A notable trend in the insurance market during the past 12 months has been the upsurge in private equity activity. UK insurers had their busiest year for mergers and acquisitions (M&A) since 2007, with more than 60 deals totalling $14.4 billion completed, according to figures from Dealogic.
Private equity investors were at the core of this deal-making activity, with the likes of Synova Capital, AnaCap, LDC and HG Capital spending significant sums to purchase insurance companies, brokers or existing blocks of insurance businesses divested from larger entities.
Although private equity firms are no strangers to the insurance sector, commercial, economic and regulatory pressures have combined to make insurance assets more attractive and consequently drive M&A volumes.
The macro-economic climate continues to be challenging for insurers, who struggle to make decent returns on the investments they hold to cover potential claims.

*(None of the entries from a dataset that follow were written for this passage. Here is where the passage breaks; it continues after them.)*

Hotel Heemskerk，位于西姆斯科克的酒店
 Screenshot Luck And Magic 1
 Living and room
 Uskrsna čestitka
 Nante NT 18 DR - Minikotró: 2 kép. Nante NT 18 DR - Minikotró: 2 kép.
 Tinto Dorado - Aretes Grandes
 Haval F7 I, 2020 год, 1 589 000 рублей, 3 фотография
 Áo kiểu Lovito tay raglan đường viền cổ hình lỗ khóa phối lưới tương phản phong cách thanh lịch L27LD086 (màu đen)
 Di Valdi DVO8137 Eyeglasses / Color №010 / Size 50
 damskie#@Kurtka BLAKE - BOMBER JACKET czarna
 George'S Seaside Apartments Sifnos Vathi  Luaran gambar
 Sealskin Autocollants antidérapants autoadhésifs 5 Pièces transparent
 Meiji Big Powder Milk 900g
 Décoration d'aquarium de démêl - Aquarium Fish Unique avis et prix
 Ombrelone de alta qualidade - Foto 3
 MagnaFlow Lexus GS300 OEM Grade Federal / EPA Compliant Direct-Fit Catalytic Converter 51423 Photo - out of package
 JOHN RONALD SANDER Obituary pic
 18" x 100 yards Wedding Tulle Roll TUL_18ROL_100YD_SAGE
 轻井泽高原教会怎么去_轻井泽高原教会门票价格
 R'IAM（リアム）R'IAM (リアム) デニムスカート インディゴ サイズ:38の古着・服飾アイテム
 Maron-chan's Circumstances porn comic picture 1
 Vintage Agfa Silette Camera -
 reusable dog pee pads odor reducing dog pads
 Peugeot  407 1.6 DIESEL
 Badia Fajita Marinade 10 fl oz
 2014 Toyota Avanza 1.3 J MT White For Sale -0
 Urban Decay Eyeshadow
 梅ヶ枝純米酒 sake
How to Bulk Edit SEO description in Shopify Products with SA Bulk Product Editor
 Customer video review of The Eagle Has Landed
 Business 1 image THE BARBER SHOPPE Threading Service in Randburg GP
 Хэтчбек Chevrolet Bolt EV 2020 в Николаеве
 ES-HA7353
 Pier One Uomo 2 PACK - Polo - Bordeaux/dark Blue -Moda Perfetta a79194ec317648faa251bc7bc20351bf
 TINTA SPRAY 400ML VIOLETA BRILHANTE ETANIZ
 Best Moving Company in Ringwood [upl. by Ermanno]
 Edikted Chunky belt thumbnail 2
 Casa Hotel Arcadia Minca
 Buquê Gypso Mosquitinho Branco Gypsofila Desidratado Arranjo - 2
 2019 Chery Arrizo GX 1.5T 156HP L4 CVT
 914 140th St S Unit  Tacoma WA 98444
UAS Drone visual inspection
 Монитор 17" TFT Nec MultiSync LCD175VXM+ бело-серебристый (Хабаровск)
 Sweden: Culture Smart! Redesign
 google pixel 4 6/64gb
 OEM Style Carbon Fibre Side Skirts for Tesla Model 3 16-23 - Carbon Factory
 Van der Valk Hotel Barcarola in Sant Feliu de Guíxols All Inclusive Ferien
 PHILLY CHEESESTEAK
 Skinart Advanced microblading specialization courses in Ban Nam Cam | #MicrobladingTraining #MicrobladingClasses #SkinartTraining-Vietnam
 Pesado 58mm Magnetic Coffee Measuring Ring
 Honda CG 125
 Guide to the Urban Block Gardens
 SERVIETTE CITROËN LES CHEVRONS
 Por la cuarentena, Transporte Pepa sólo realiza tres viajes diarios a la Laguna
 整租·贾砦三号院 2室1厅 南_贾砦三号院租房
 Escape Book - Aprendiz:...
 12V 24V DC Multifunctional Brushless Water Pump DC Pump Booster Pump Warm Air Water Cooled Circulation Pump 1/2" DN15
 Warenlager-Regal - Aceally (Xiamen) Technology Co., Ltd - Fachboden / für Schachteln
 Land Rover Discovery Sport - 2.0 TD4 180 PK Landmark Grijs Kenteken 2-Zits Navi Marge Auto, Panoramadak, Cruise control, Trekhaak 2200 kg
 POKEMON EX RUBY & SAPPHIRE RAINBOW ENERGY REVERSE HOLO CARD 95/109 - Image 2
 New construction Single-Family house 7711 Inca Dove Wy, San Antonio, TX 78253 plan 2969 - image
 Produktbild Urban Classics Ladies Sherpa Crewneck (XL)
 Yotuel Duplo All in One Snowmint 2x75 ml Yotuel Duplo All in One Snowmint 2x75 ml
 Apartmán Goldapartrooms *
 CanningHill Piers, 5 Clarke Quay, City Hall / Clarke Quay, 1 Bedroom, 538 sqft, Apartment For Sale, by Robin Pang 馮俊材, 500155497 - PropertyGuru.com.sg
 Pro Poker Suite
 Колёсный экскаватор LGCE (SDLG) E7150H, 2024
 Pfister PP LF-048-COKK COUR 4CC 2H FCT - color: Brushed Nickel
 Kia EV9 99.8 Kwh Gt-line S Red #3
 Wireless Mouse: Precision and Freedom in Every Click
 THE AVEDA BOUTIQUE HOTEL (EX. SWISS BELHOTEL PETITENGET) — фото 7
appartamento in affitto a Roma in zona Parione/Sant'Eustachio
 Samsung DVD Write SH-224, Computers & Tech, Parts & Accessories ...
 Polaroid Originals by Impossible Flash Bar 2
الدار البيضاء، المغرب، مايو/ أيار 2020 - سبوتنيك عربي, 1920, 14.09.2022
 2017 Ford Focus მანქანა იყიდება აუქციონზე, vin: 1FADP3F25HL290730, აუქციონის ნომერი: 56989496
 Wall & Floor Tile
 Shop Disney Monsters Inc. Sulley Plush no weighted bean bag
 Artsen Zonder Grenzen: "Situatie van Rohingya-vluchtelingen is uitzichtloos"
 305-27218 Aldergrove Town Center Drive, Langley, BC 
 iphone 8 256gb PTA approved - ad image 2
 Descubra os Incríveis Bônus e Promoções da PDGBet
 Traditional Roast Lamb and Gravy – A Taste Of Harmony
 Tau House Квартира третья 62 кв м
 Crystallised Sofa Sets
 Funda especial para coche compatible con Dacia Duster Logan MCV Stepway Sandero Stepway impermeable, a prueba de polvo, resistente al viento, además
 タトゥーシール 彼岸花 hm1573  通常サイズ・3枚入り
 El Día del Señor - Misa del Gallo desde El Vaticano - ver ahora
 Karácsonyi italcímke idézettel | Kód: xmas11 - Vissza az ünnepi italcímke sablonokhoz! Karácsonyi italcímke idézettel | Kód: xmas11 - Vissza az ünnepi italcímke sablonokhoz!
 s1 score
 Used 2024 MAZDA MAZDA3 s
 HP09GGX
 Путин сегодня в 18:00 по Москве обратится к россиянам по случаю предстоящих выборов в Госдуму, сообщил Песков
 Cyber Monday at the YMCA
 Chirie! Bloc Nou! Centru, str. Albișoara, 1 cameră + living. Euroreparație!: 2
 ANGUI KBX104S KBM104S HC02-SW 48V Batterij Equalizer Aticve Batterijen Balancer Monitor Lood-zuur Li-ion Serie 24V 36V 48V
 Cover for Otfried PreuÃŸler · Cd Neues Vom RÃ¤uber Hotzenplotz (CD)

With interest rates at record lows and bond yields in the doldrums, it has been difficult for insurers to raise enough capital to fund business improvements or make acquisitions on their own.
What is more, falling premiums across many traditional product lines continue to hamper organic growth. This increases the need for insurers to actively target new sources of capital to achieve their commercial goals.
The need for insurers to tap new sources of capital has been heightened by technological advances. During the past decade, the pace of technological change in the sector has been unprecedented, with new models, new technologies and new competitors such as price comparison sites changing the rules of the game. All signs indicate the pace of change is going to increase in the future.
Insurers need to upskill in areas such as such as data analytics, intelligent pricing, anti-fraud and telematics. M&A could provide the quickest way to improve in-house capabilities and counter the threat posed by aggregators. This approach, though, often requires significant capital reserves – something that cash-rich private equity funds can offer.
Private equity activity in the sector is also being driven by the capital pressures insurers face owing to the increased burden of regulation. Lingering questions about the effect of Solvency II rules is leading a number of firms to question the future of parts of their operation and we expect to see disposals of subsidiaries or portfolios of assets from a number of European insurers as they consolidate around stronger markets. In particular, this applies to firms whose ratings are under pressure from writedowns on Southern European government debt or investments in distressed real estate markets.
The effect of regulation in the banking sector has also had a knock-on effect in the insurance market. Capital constraints imposed on UK and European banks through Basel III has encouraged many to reduce their exposure to insurance assets, which has created a market of bolt-on targets for acquirers and outside investors.
These investors have been attracted by the relatively low valuations and possibility of decent returns from these businesses. Private equity firms believe they are well positioned to create value from unprofitable or non-core insurance operations by using their investment expertise.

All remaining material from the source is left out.